[Opening Task data section]
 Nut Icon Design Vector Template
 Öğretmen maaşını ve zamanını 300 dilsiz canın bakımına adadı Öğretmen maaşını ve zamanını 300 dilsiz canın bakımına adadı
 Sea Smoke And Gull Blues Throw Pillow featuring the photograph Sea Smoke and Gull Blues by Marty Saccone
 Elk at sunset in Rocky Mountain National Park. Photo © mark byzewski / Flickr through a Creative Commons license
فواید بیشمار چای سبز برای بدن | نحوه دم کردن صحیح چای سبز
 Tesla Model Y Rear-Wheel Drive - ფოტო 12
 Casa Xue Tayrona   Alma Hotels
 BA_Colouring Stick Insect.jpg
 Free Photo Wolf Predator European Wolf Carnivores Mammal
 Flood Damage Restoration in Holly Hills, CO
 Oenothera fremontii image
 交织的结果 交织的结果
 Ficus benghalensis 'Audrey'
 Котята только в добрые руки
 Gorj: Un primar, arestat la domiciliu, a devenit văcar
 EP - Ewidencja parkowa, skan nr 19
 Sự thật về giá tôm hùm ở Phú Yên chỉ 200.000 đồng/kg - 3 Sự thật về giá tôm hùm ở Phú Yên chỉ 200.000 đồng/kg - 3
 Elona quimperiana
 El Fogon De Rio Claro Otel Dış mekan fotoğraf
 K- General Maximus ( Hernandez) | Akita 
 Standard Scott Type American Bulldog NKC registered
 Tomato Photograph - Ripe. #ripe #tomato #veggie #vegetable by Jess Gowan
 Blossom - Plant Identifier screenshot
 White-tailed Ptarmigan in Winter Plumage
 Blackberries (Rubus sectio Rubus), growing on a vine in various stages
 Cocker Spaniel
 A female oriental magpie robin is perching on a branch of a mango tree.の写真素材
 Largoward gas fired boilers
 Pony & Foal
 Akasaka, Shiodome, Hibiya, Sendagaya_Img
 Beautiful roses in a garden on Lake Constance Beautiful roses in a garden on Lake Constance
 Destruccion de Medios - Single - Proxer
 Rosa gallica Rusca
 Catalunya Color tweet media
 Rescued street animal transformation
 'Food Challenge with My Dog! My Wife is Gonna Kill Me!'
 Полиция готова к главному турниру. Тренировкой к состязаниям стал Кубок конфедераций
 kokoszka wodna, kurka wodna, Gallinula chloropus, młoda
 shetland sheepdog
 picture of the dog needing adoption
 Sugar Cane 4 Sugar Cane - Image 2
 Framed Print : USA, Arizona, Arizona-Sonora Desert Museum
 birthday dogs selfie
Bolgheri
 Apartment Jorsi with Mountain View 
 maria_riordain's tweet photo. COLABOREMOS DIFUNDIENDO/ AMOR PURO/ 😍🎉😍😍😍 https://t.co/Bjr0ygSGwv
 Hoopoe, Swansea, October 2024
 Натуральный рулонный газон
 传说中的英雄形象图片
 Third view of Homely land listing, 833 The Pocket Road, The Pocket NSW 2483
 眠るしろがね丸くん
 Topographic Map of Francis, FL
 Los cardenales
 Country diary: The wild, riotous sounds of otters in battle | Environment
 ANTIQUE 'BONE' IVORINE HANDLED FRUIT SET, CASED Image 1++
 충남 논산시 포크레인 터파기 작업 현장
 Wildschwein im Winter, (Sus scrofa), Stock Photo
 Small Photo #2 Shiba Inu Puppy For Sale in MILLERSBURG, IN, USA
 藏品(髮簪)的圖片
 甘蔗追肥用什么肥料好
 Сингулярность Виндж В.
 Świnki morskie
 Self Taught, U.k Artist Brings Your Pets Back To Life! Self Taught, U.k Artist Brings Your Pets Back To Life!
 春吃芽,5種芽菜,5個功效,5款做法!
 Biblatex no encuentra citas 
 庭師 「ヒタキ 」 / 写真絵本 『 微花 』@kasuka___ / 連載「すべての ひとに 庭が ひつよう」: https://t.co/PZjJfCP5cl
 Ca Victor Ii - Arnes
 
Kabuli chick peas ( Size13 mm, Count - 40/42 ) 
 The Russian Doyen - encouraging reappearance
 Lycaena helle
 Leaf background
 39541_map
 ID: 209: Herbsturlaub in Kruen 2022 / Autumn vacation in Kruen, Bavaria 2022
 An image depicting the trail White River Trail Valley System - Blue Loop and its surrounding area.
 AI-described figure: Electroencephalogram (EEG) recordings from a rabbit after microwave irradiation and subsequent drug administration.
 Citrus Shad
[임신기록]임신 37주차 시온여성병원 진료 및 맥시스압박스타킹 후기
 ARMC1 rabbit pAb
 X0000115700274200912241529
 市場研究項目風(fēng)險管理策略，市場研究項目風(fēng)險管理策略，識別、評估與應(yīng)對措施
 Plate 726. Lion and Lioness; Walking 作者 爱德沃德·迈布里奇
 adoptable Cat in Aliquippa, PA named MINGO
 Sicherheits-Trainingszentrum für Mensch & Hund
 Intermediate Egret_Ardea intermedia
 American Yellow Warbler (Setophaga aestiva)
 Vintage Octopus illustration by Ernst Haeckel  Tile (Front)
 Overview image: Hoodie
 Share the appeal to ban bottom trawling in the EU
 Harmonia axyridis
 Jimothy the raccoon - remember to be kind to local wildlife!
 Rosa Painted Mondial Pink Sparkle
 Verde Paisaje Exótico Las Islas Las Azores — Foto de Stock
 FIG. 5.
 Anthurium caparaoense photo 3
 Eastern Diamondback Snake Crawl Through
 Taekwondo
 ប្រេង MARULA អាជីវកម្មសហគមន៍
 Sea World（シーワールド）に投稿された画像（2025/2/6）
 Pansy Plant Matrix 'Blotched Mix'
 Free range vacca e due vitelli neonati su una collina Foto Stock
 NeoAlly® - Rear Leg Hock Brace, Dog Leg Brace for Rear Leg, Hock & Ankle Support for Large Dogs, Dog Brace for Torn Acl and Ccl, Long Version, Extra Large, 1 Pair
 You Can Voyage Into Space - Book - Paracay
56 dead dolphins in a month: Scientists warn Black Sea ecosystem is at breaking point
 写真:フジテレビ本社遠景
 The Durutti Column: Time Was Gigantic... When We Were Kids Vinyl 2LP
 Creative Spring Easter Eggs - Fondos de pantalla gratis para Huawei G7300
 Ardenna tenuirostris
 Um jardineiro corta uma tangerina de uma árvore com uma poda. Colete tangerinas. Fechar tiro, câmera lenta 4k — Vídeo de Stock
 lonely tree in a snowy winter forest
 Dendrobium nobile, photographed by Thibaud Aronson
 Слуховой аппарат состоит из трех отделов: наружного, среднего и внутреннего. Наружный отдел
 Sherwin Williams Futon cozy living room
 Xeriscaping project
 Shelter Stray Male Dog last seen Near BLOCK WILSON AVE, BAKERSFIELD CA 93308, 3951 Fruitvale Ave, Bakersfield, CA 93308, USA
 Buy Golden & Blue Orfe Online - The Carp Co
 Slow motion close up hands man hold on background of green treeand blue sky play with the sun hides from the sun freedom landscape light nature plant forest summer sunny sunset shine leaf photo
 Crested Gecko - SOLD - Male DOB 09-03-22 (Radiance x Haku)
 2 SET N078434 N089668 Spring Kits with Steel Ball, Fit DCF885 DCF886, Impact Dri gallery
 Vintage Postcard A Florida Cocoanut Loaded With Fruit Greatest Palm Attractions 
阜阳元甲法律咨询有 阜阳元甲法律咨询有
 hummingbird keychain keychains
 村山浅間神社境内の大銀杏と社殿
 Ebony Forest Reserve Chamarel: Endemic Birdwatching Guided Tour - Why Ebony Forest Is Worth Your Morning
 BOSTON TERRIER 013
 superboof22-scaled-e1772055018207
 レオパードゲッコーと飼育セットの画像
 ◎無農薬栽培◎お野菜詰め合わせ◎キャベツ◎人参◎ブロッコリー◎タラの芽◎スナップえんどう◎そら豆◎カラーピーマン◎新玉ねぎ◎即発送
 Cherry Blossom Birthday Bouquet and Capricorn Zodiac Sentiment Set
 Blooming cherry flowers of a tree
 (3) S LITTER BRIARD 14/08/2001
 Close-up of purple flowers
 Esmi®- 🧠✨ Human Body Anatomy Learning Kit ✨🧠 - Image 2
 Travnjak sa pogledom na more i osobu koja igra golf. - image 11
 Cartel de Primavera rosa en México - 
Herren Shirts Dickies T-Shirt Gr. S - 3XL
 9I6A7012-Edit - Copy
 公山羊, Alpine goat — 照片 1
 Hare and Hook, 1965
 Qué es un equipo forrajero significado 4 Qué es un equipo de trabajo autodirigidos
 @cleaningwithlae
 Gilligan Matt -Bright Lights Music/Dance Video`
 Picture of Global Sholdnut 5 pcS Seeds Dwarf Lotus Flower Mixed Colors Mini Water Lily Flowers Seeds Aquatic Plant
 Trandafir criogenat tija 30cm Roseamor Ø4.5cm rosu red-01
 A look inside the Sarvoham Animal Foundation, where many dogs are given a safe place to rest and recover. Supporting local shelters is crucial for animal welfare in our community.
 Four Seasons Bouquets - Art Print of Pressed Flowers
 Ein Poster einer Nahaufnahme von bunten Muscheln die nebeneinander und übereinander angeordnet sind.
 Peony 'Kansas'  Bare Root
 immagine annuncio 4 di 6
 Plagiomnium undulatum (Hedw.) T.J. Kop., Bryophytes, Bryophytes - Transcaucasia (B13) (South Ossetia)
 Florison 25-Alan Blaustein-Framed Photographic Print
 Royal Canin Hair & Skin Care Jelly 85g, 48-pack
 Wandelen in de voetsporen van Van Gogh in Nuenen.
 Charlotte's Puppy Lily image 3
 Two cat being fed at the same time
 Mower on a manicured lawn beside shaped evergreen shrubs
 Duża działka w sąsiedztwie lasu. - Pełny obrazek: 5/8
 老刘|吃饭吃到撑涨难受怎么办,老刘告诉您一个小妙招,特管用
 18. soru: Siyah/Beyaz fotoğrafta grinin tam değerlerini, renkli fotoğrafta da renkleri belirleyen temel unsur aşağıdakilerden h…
[Closing Task data section]
◆ What to work on
Word for word, restate the lines of the data above that fall between the line holding "The Durutti Column: Time" and the line holding "Ardenna tenuirostris", inclusive, and no other lines.

◆ Solution for this problem
 The Durutti Column: Time Was Gigantic... When We Were Kids Vinyl 2LP
 Creative Spring Easter Eggs - Fondos de pantalla gratis para Huawei G7300
 Ardenna tenuirostris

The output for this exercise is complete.